Goal of the exercise:
After finding "vidaXL 4 db" in a line below, print that line and the rest of the lines exactly, leaving out all pictures.

Input records:
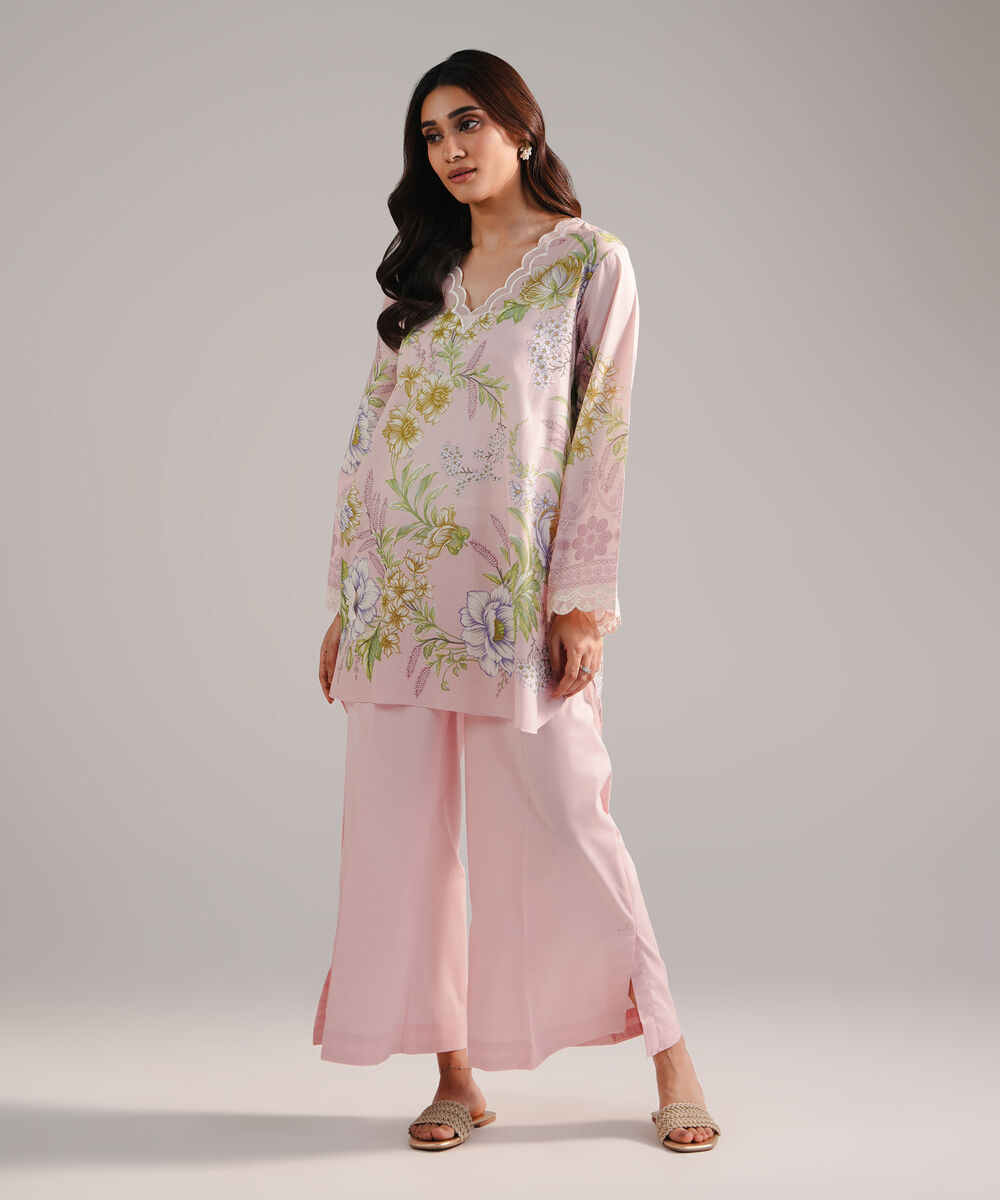 Women's RTW Lawn Embroidered Pink Straight Shirt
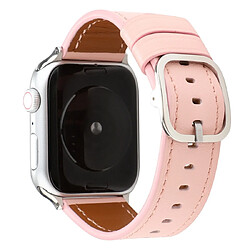 Wewoo Pour Apple Watch séries 5 et 4 40 mm / 3 et 2 et 1 38 mm boucle de style moderne Bracelet en cuir véritable rose 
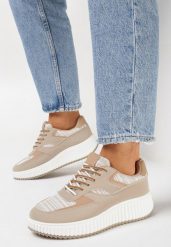 Ciemnobeżowe Sneakersy na Grubej Podeszwie Ozdobione Brokatem Evllina. Brązowe obuwie sportowe damskie Born2be, bez wzorów, bez zapięcia. Za 99.99 zł.
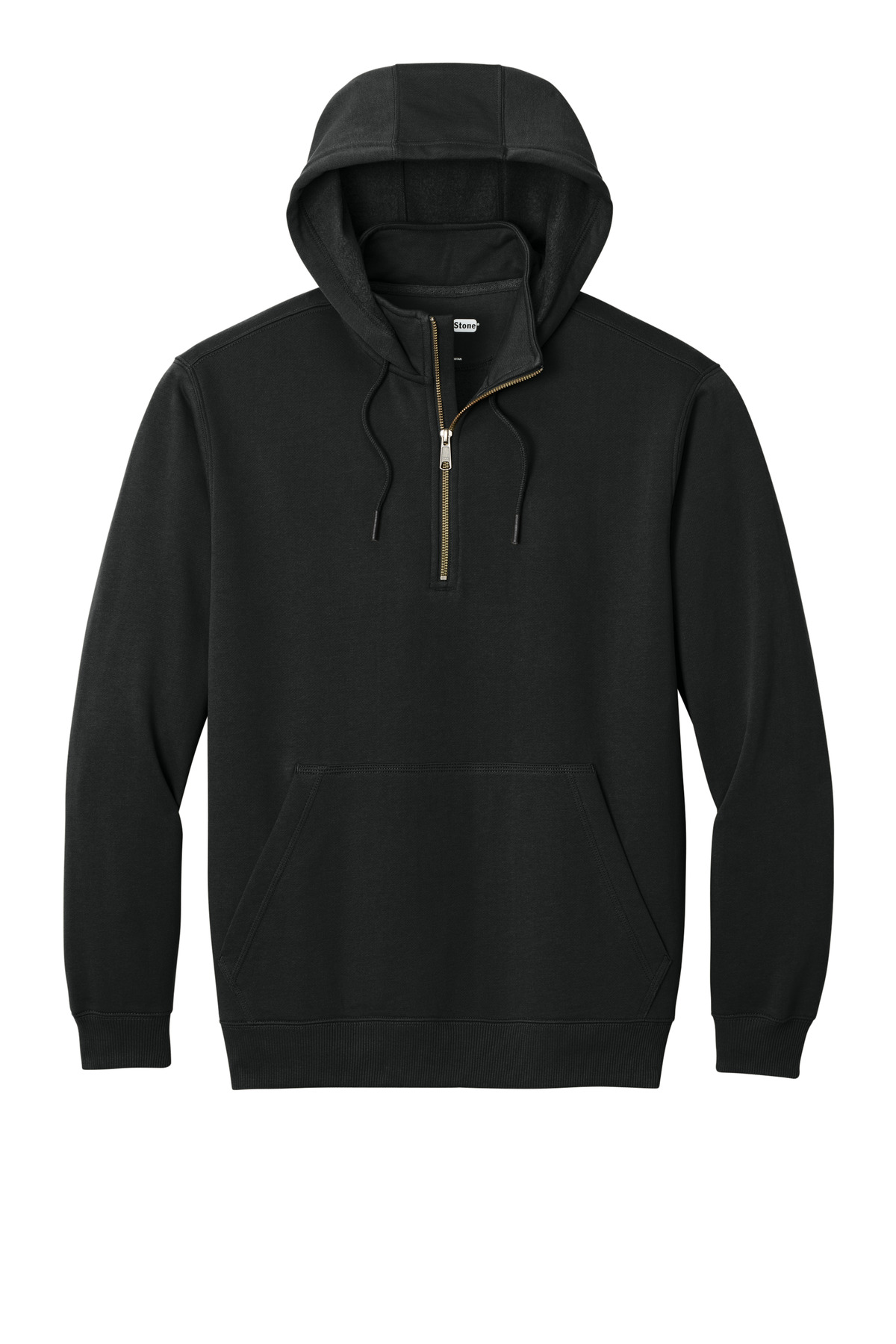CornerStone® Tough Fleece 1/4-Zip Hoodie — Black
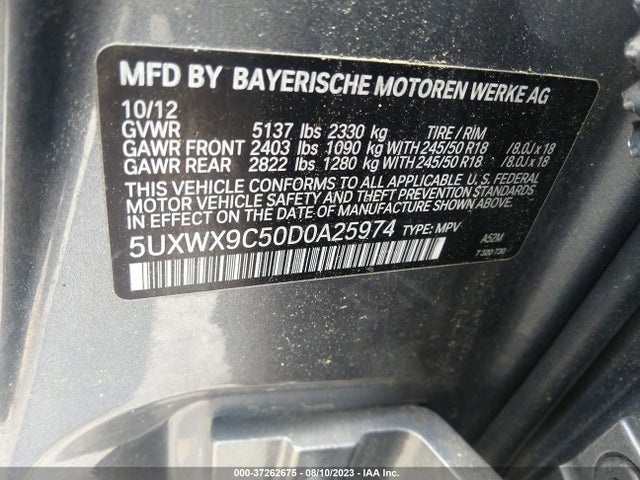 2013 BMW X3 XDRIVE28I VIN: 5UXWX9C50D0A25974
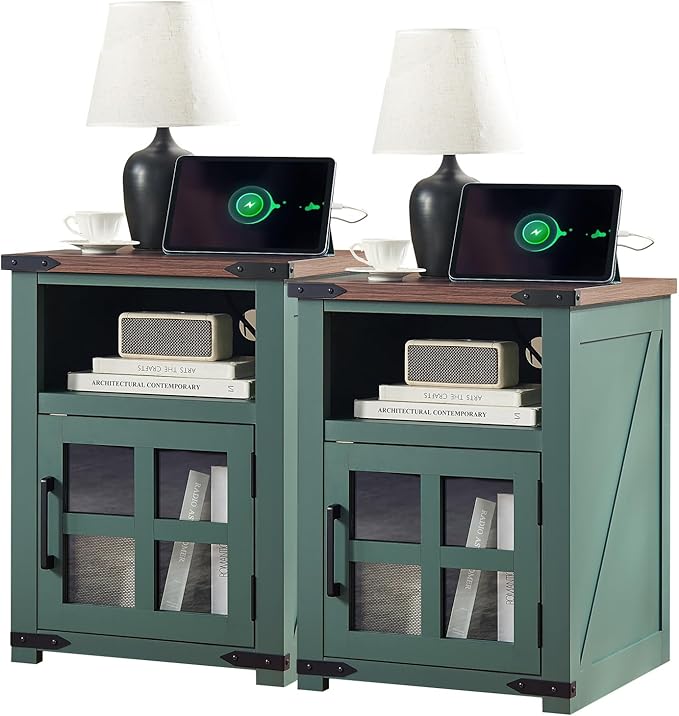 Farmhouse Nightstand with Charging Station, Rustic End Table with Tempered Glass Barn Door, Wood Sofa Side Bedside Table with Open Storage Shelf for Living Room, Bedroom, Green, 2 Pack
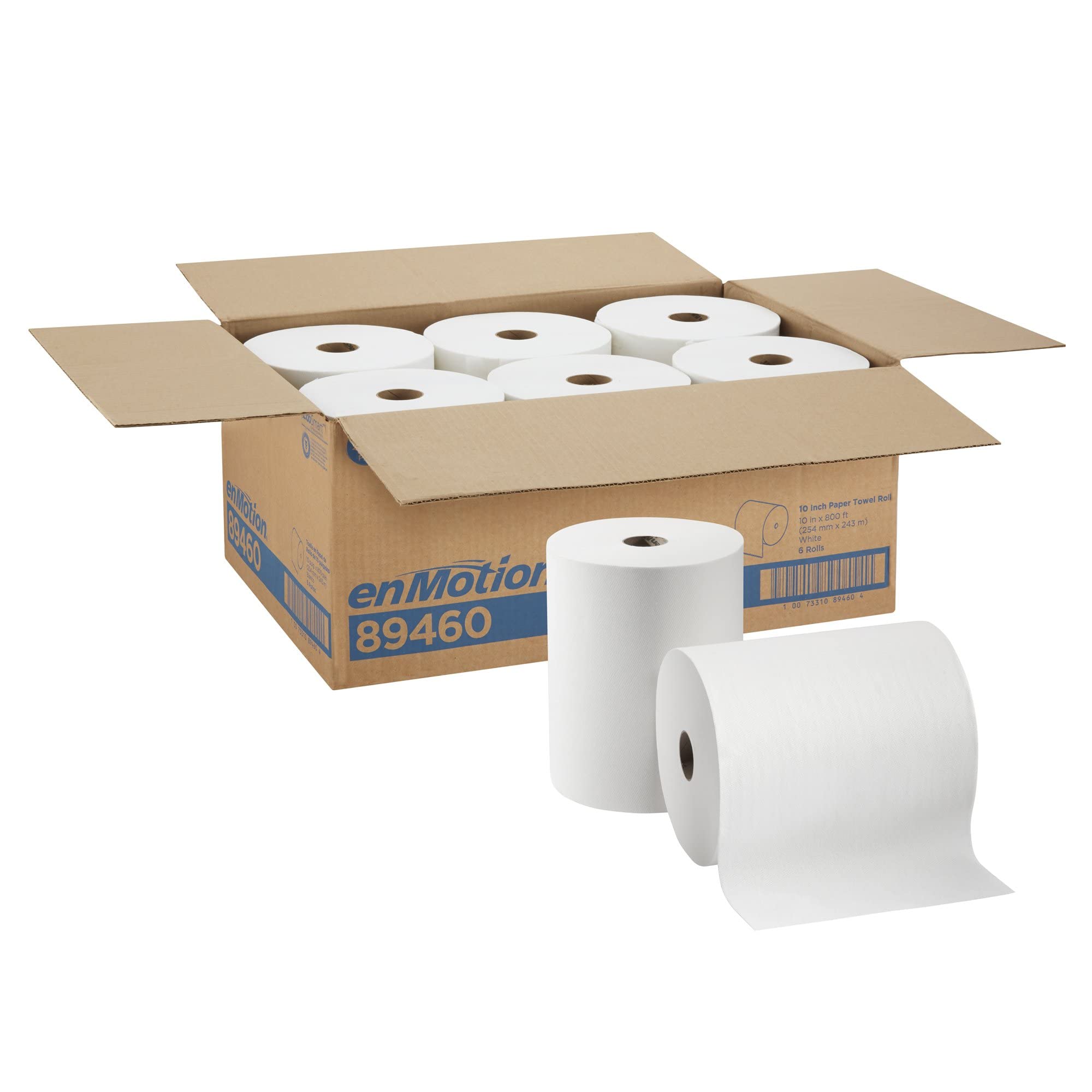 enMotion 10" Paper Towel Roll by GP PRO (Georgia-Pacific), White, 89460, 800 Feet Per Roll, 6 Rolls Per Case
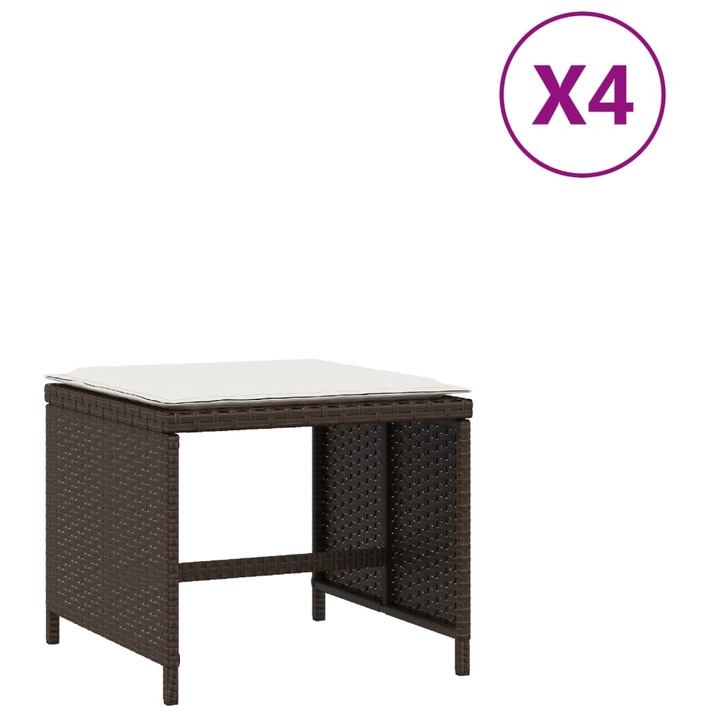 vidaXL 4 db barna polyrattan kerti szék párnával 41 x 41 x 36 cm 41 x 41 x 36 cm 11.85 kg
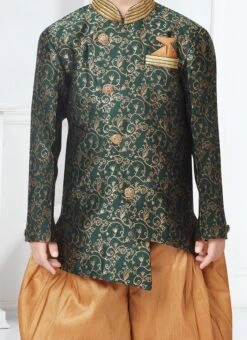 Green Banarasi Jacquard Silk Boys Indowestern Sherwani Party Wear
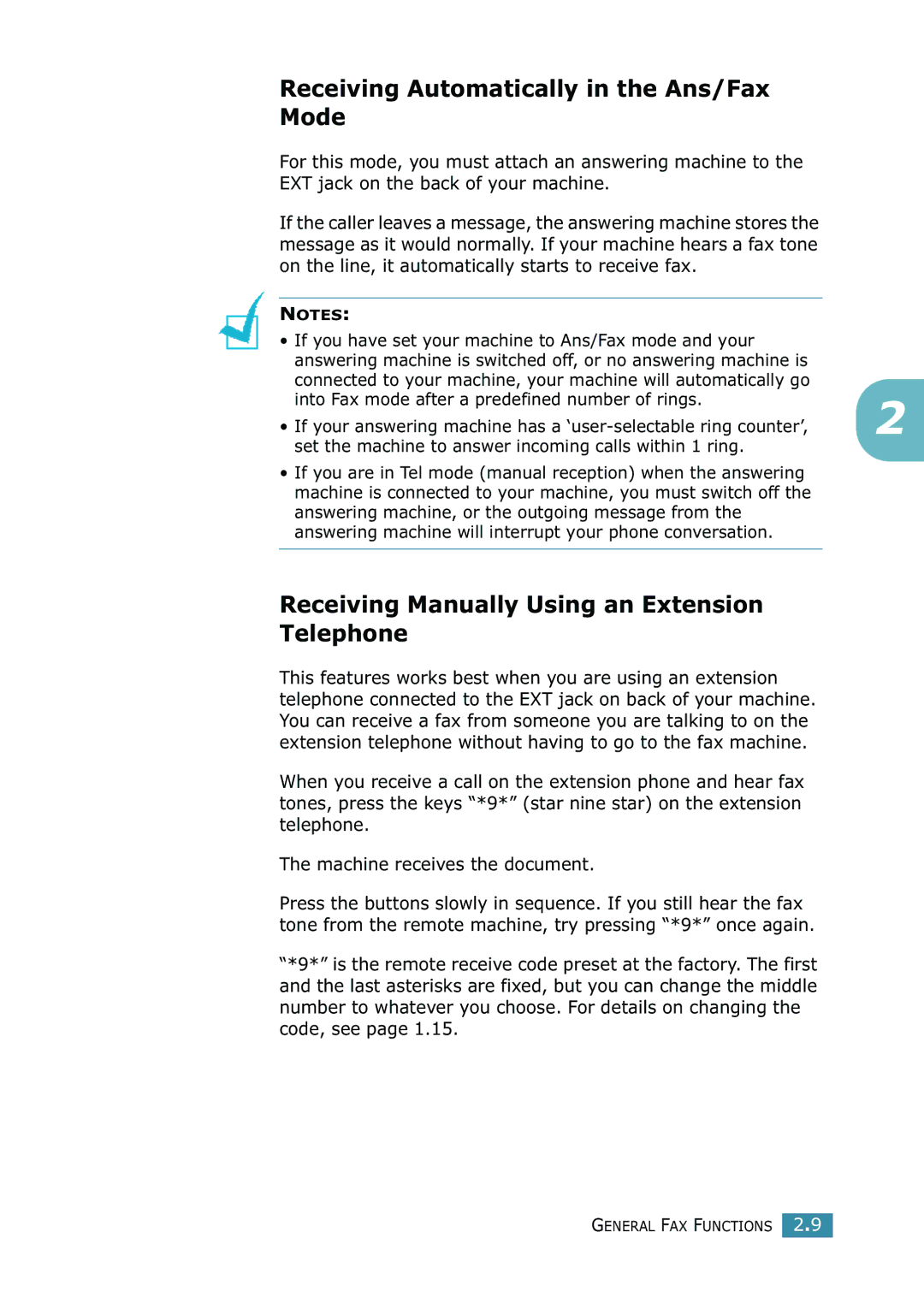 Samsung SCX-4216F manual Receiving Automatically in the Ans/Fax Mode, Receiving Manually Using an Extension Telephone 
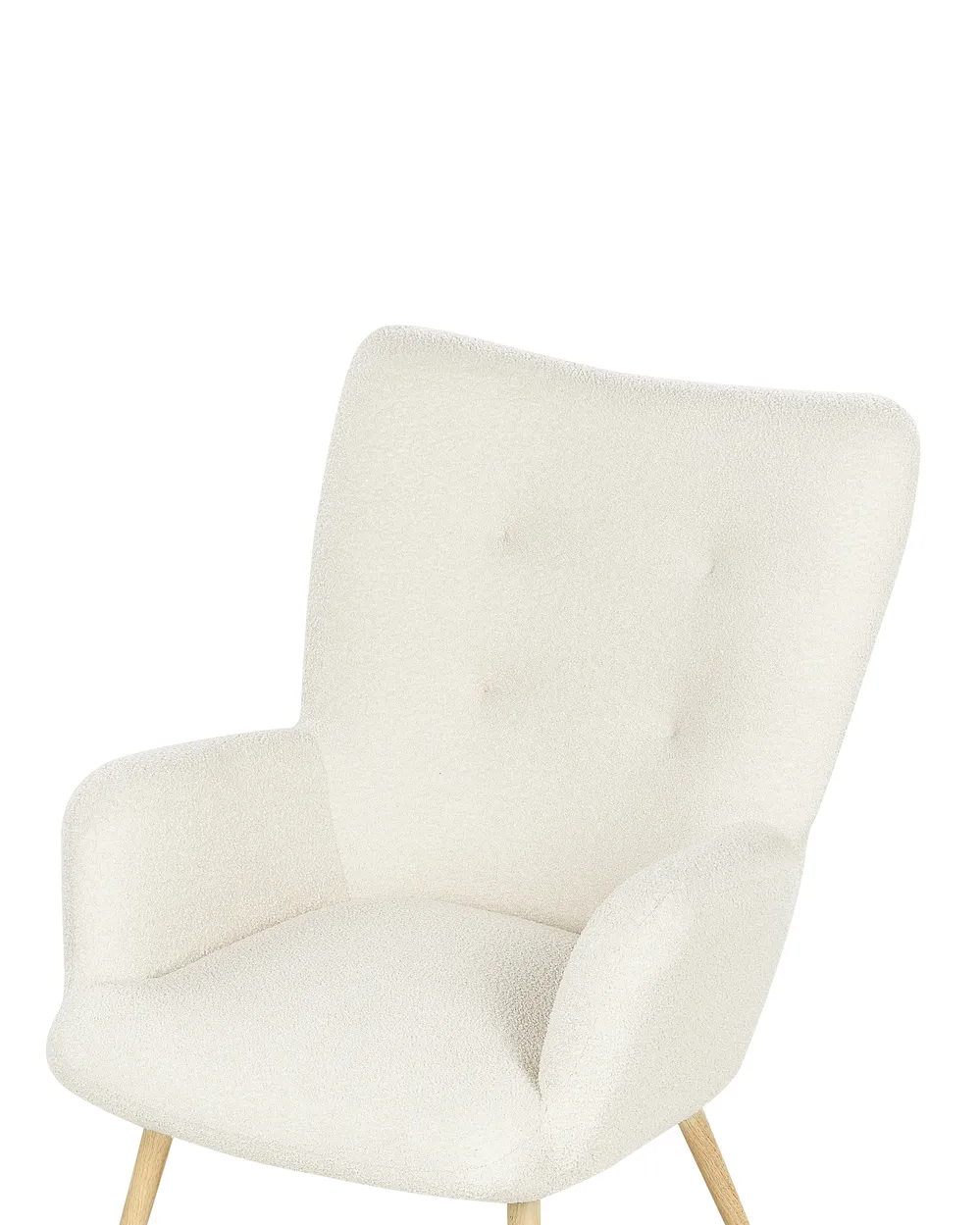 Wingback Chair VEJLE with Footstool Boucle Off-White_901569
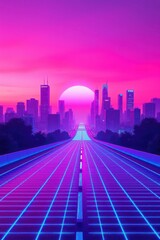 Retro futuristic cityscape with glowing road and sunset sky evokes 80s nostalgia and digital vibes.
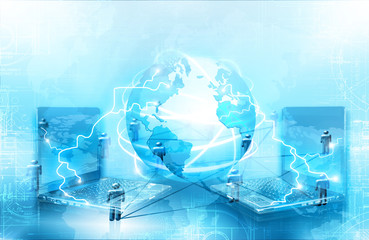 Best Internet Concept of global business. Globe, glowing lines on technological background. Wi-Fi, rays, symbols Internet, 3D illustration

Exercise solution:
 vidaXL 4 db barna polyrattan kerti szék párnával 41 x 41 x 36 cm 41 x 41 x 36 cm 11.85 kg
 Green Banarasi Jacquard Silk Boys Indowestern Sherwani Party Wear
 Samsung SCX-4216F manual Receiving Automatically in the Ans/Fax Mode, Receiving Manually Using an Extension Telephone 
 Wingback Chair VEJLE with Footstool Boucle Off-White_901569
 Retro futuristic cityscape with glowing road and sunset sky evokes 80s nostalgia and digital vibes.
 Best Internet Concept of global business. Globe, glowing lines on technological background. Wi-Fi, rays, symbols Internet, 3D illustration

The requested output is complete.